SUPPLIED DATA section start

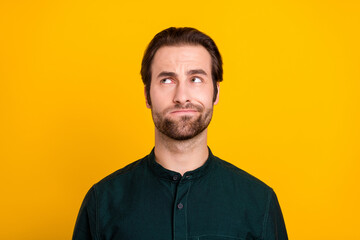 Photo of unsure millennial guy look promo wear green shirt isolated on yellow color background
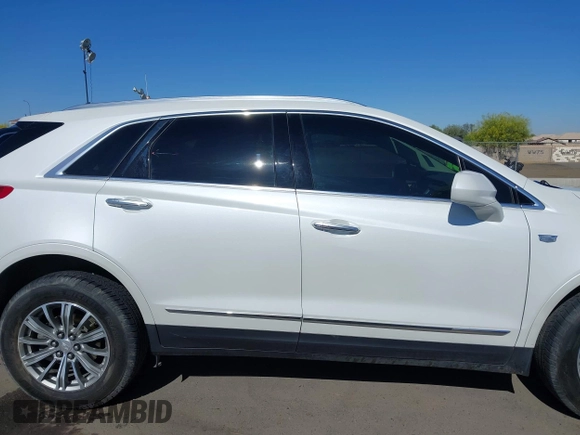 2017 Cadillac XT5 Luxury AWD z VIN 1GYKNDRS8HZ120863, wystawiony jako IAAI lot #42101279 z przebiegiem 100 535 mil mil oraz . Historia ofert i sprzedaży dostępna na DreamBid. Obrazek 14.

SUPPLIED DATA section end
SUPPLIED DATA section start

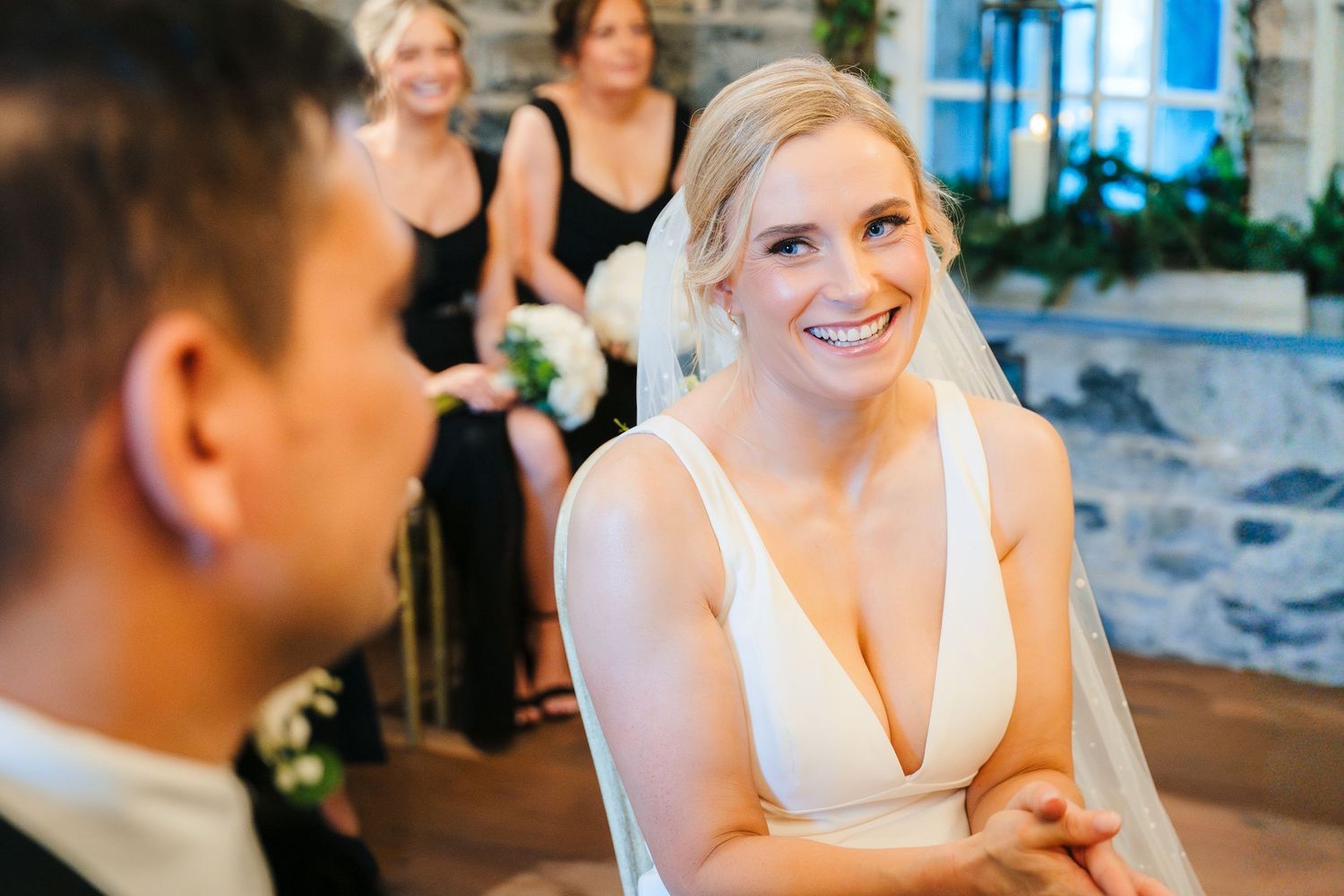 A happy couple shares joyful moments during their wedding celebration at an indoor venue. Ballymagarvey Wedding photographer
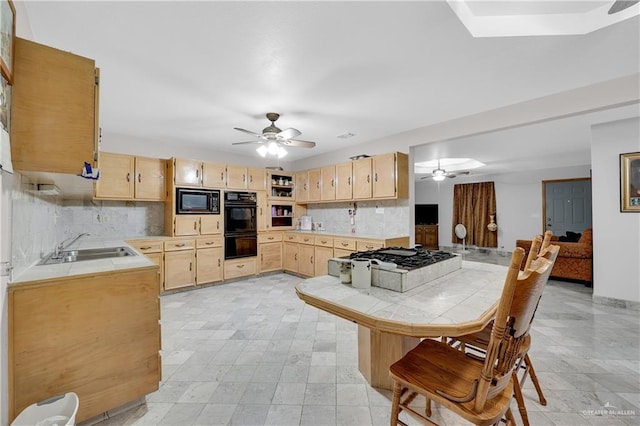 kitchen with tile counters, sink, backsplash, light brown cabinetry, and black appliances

SUPPLIED DATA section end
SUPPLIED DATA section start

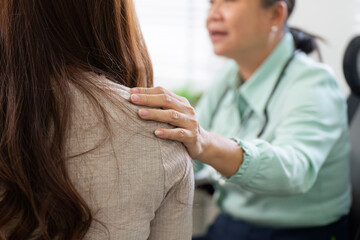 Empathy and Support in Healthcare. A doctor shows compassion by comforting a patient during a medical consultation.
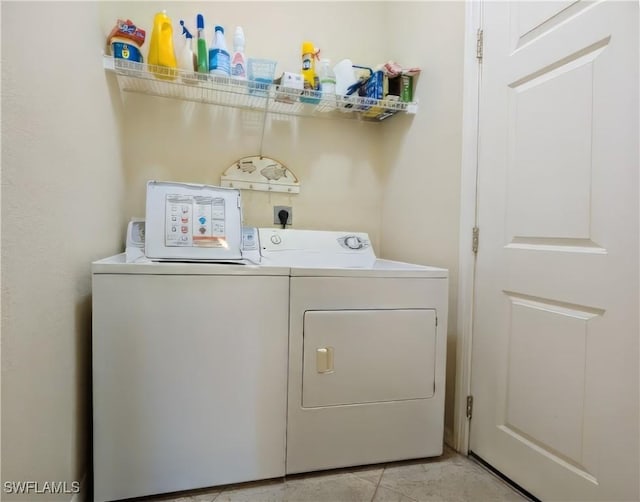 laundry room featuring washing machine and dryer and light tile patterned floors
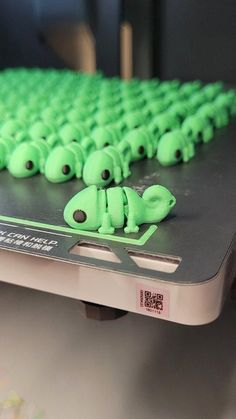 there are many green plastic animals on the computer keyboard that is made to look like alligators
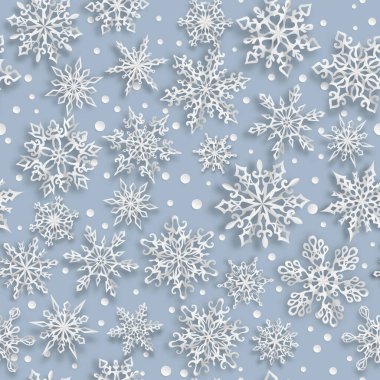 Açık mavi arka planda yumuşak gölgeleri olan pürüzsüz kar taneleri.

SUPPLIED DATA section end

*THE TASK*
Exact copy, pictures excluded: from the line with "Empathy and Support" up to and including the line with "Açık mavi arka" in the data above.

*THE ANSWER*
 Empathy and Support in Healthcare. A doctor shows compassion by comforting a patient during a medical consultation.
 laundry room featuring washing machine and dryer and light tile patterned floors
 there are many green plastic animals on the computer keyboard that is made to look like alligators
 Açık mavi arka planda yumuşak gölgeleri olan pürüzsüz kar taneleri.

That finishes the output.